E arrivo al punto. Credo che gli studenti festeggino la fine di un incubo. O meglio, quel breve lasso di tempo tra la fine di un breve incubo e l’inizio di un nuovo lungo incubo forse ancora peggiore. La ricerca di un lavoro, l’ingresso nel mondo professionale, un dottorato, un concorso... Vedo la tragedia dietro quei coriandoli, vedo l’angoscia esistenziale, vedo il terrore di un salto nell’abisso che le nostre generazioni hanno colpevolmente costruito per i loro ragazzi.

Perché non ammetterlo? Gli stiamo portando via tutto - il posto fisso, la pensione, il pianeta.  Vedo nelle loro feste chiassose un’alternativa desolante alle proteste giovanili che potrebbero e dovrebbero fare, vedo nei balli e nei tuffi in fontana un tragicamente ludico ripiegarsi da parte di chi ha rinunciato troppo presto a esprimere la contestazione, la rabbia, l’indignazione.

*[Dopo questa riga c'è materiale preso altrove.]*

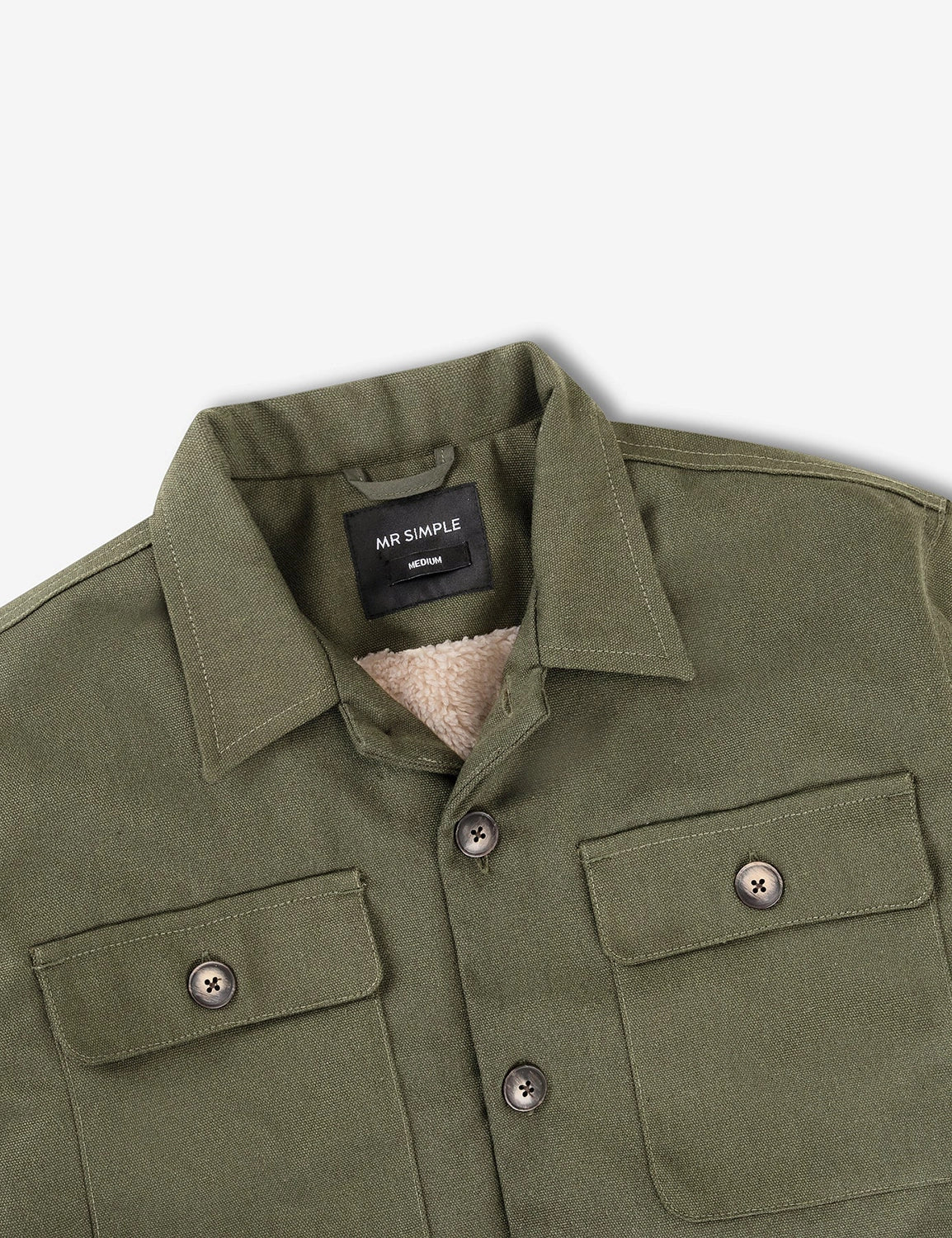 MR SIMPLE COTTON CANVAS STOCKYARD SHERPA JACKET M093416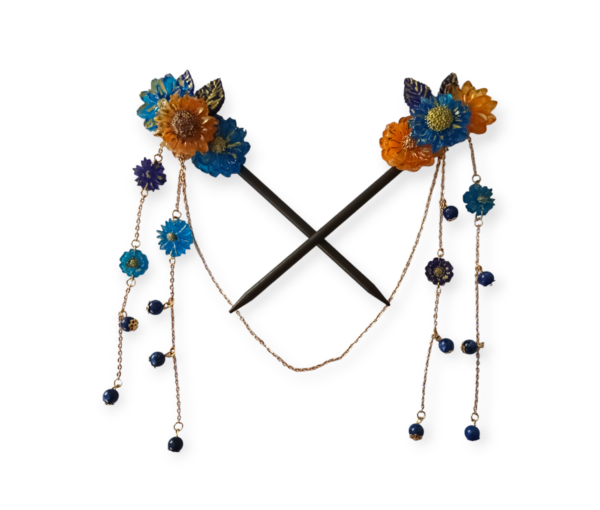 Kanzashi Doble Van Gogh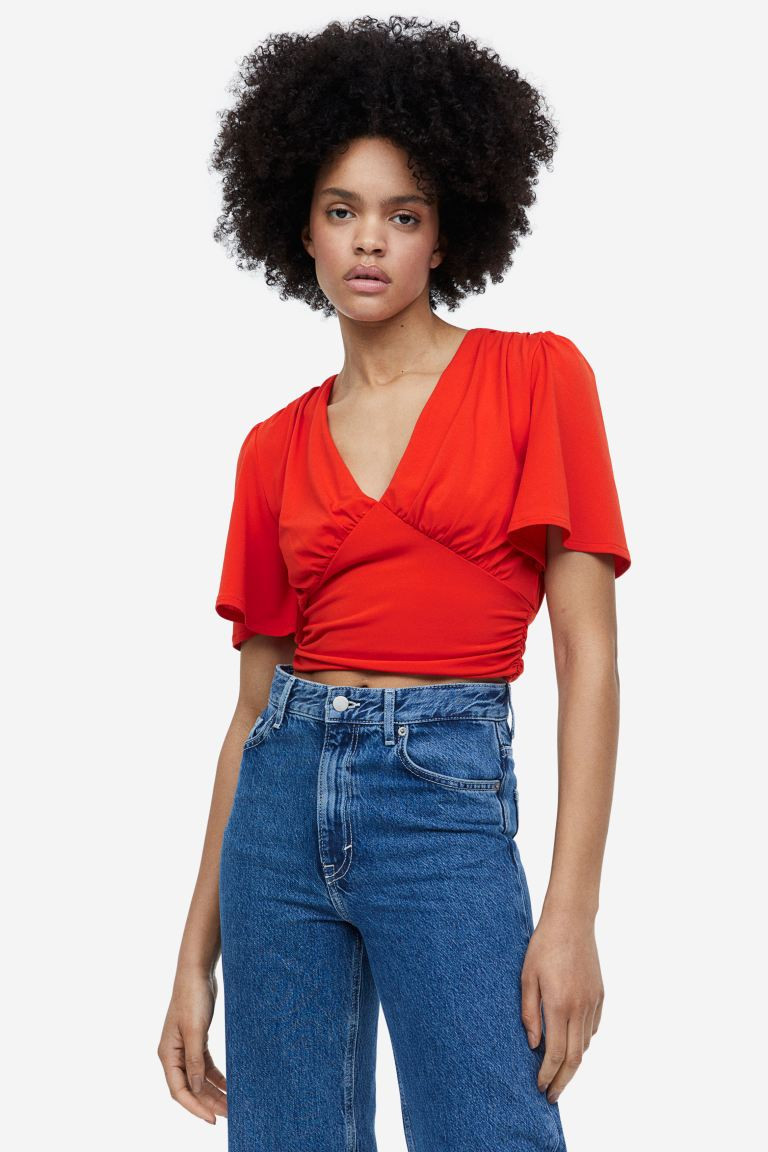 Gathered Crop Top | H&M (US + CA)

Quando mi capita di raccontare ai miei allievi (amatissimi, dal primo all’ultimo) la favola bella del movimento studentesco, il maggio francese, le barricate, i limoni in tasca, i sit in, le proteste, le lotte per i diritti civili, loro mi guardano come se parlassi di un altro pianeta, e nei loro sguardi assorti percepisco il barlume di un qualcosa che non so definire, di un germoglio che potrebbe rinascere… ma forse è solo una mia fugace impressione. E quanta fatica si fa a portarli verso la rappresentanza negli organi istituzionali, anche solo verso la formazione di liste, anche solo verso il diritto di voto. Eppure l’università in passato è stata teatro di cambiamenti e di una crescita sociale e culturale, ci sono stati tempi in cui gli studenti sono stati i protagonisti, e non i professori, e mi chiedo quale patto si sia incrinato, quale nuova inversione si sia verificata a danno di entrambe le parti.

Il mio auspicio è che la moda delle feste per strada passi, che gli studenti si riapproprino della loro piena consapevolezza di cittadinanza attiva, responsabile ed ecologica, dentro e fuori l’università. Che lascino a casa mamme, papà e coriandoli. Per riprendersi quel che resta del futuro.